[The records]
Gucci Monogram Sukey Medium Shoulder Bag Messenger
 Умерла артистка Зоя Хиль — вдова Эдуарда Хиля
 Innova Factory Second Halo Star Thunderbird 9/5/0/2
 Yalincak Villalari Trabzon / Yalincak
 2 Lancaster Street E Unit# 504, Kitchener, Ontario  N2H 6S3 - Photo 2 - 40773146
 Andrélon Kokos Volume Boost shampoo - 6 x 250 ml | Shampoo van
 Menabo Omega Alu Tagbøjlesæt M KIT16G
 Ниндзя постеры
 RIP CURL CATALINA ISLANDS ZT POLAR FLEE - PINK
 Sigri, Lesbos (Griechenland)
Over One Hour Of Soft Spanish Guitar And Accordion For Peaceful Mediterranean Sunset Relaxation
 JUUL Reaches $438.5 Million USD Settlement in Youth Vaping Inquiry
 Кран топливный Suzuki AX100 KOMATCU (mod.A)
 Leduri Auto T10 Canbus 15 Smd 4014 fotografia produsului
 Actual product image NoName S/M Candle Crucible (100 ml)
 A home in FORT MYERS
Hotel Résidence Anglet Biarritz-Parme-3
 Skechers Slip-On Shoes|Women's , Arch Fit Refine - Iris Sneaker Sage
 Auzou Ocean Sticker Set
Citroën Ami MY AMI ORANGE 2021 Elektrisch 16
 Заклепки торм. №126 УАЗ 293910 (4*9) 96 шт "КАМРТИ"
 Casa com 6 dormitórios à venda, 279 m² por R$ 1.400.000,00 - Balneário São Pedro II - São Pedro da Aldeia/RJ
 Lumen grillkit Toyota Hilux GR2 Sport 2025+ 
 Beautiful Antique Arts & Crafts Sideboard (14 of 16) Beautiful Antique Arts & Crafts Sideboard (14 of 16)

[Work item]
Output the lines above between the one holding "Умерла артистка Зоя" and the one holding "Over One Hour", inclusive, with nothing before or after them.

[Output of the task]
 Умерла артистка Зоя Хиль — вдова Эдуарда Хиля
 Innova Factory Second Halo Star Thunderbird 9/5/0/2
 Yalincak Villalari Trabzon / Yalincak
 2 Lancaster Street E Unit# 504, Kitchener, Ontario  N2H 6S3 - Photo 2 - 40773146
 Andrélon Kokos Volume Boost shampoo - 6 x 250 ml | Shampoo van
 Menabo Omega Alu Tagbøjlesæt M KIT16G
 Ниндзя постеры
 RIP CURL CATALINA ISLANDS ZT POLAR FLEE - PINK
 Sigri, Lesbos (Griechenland)
Over One Hour Of Soft Spanish Guitar And Accordion For Peaceful Mediterranean Sunset Relaxation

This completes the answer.